Flying through turbulence can prompt even the hardiest of air travelers to reach for their seat belt. With around 65% of weather-related aircraft incidents attributed to turbulence, it can certainly be problematic. But experiencing the odd bumpy flight is completely normal and in the majority of cases, nothing to worry about. Aircraft are built to withstand far more than even ordinary turbulence, plus pilots are trained to understand what causes turbulence and how best they can avoid it.
What causes turbulence?
Air turbulence is caused by many factors. However, four main types of weather conditions are known to cause turbulent flights. These are the jet stream, clear air turbulence, wake turbulence and wind shear.

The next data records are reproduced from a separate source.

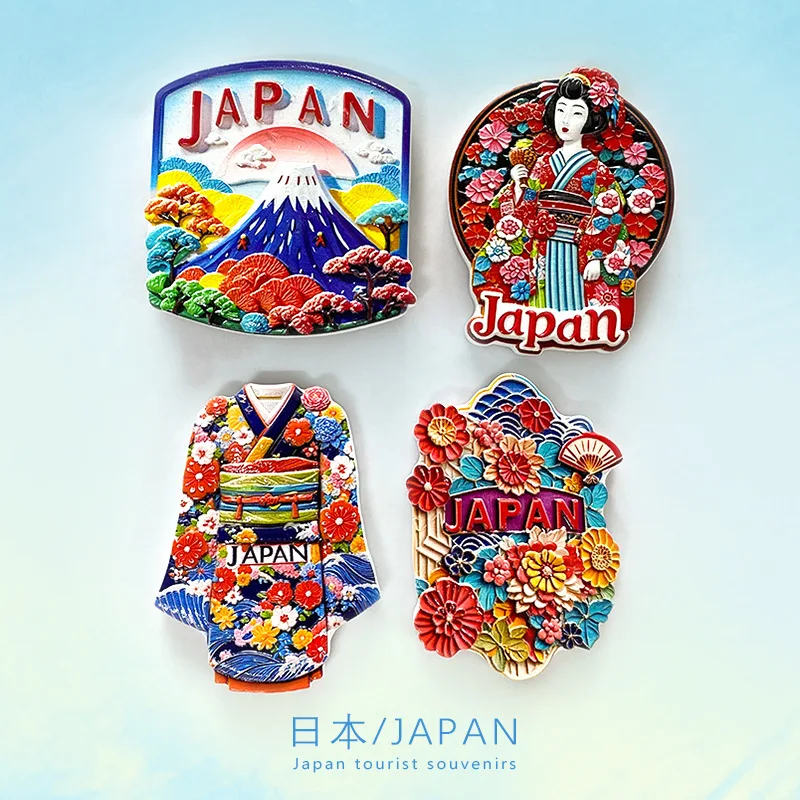 

Japan Fridge Magnet Collection: Fuji Mountain, Geisha, Kimono & Floral Styles, Strong Magnets for Refrigerator, Cute Home Decor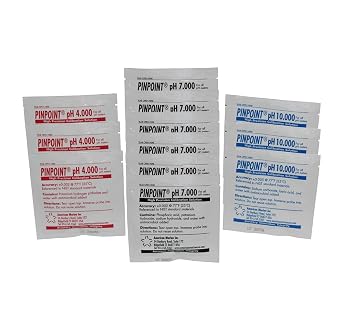 PINPOINT High-Precision pH Calibration Fluids Kit pH Buffer Solution, 12 piece Set - pH 4.000, 7.000, 10.000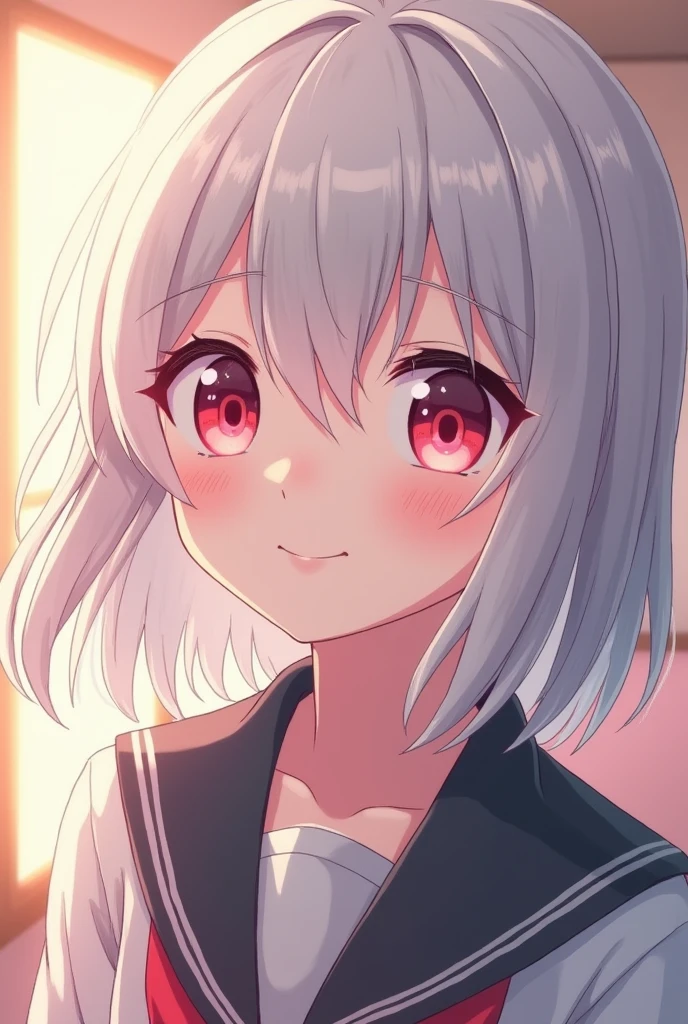 High resolution, Highest quality, Grey Hair, Silver Hair, Medium Hair, Hair that falls over the shoulders, Close your mouth, Pink eyes, smiling, Bright Eyes, Tsundere, Background blur, anime, anime風, Illustration, Ghibli-style colors, 日本のIllustrationスタイル, Parker in gentle colors, Soft Light,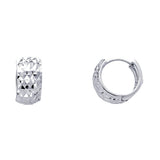 14K White Gold Faceted Diamond-Cut Huggie Earrings on white background - Italian Fashions
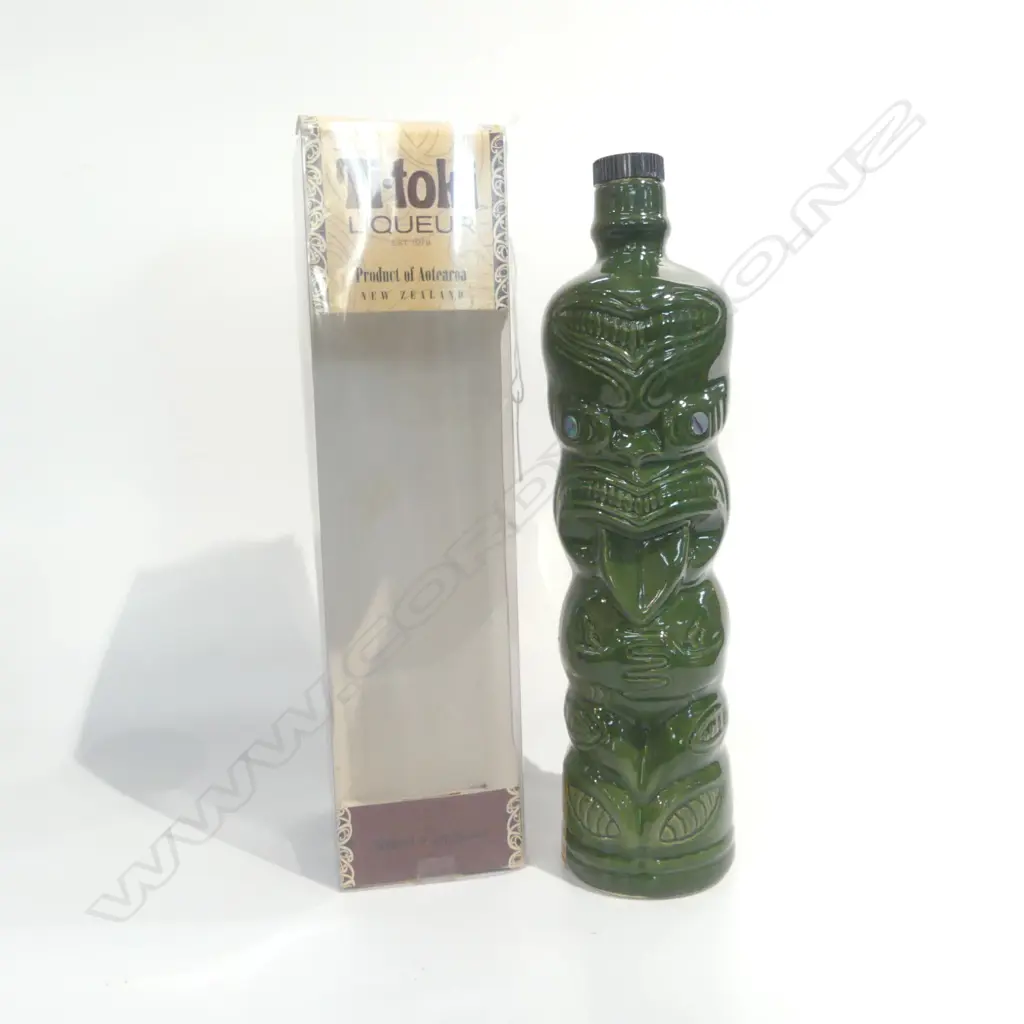 BOXED GREEN TI-TOKI TIKI LIQUOR BOTTLE H. 270MM  Image 1++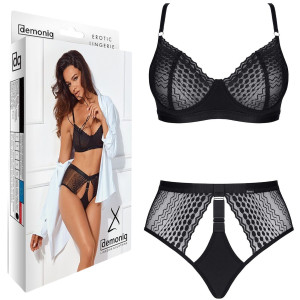 Sarita001 - black - set czarny komplet z dodatkowymi paskami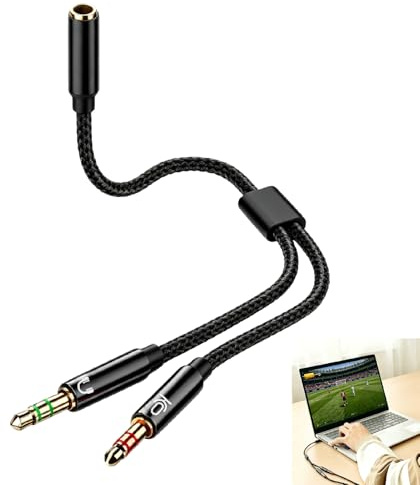 Pawubai Cable Adaptador Jack, Splitter Jack 3.5 mm Audio y Micrófono 1 Hembra a 2 Macho, Cable Trenzado 1 m Conectores Dorados, HiFi Estéreo, Separador de Mic y Auriculares Gaming Xbox PC Portátil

Weather patterns are formed in the lowest layer of the atmosphere, called the troposphere. Therefore, to try and avoid turbulence, commercial jets typically fly in the next layer up, in the lower stratosphere where skies are calmer at around 39,000 feet.
Jet streams
Jet streams are responsible for our weather patterns and are caused where areas of high and low pressure meet. As the high pressure sinks and the low pressure rises, the stream of air flowing between them creates a vortex called the jet stream. Jet streams are particularly hazardous towards the center where wind speeds can reach up to 250mph. Pilots encountering jet streams flowing in the same direction (tail winds) may choose to follow it or fly higher to avoid it altogether.
Clear air turbulence
If you’ve ever been on a flight that’s experienced a sudden apparent drop in height, the plane has most likely hit a patch of clear air turbulence, sometimes called an ‘air pocket’. Clear air turbulence (CAT) is of great concern for pilots since it occurs in areas without cloud and is therefore invisible to conventional weather radars. Clear air turbulence is the air that has been dissipated around a jet stream so is most often found in the upper troposphere at around 23,000–39,000 ft or near very high mountain ranges.
Wake turbulence
Wake turbulence is caused by the aircraft themselves. They create it when taking-off and landing and also along their flight path. It’s much like the trail left behind a speedboat on a lake. Wake disturbance is particularly dangerous for aircraft at lower altitudes which is why it’s vital that planes wait a given time before taking off or landing to allow the surrounding air to calm down and dissipate. Planes flying through wake turbulence can experience a great deal of shuddering or jolting and is one of the main reasons why passengers must always wear their seat belts on take-off and landing.
Wind shear
All air turbulence causes wind shear, but that associated with thunderstorms can be excessively dangerous. Storm clouds produce wide reaching, strong upward and downward currents that can affect planes flying at high altitude, near the ground or even up to twenty miles away where the air seems visibly clear.
During a storm, colder air is forced downwards through the storm cloud. This ‘microburst’ of cold air hits the ground where it can shear up and spread in any direction, much like the gush of water from a tap bouncing up when it hits a basin. This wind shear can be exceptionally damaging to aircraft and has been attributed to several air crashes in the last few decades.
While some weather conditions known to cause turbulence can be largely avoided, air patterns are constantly changing so it’s more than likely that some form of turbulence will be encountered during a flight. But with the skill of the pilots combined with the structural safety of the plane, the worst passengers should expect is the odd spilt drink and a bumpy ride.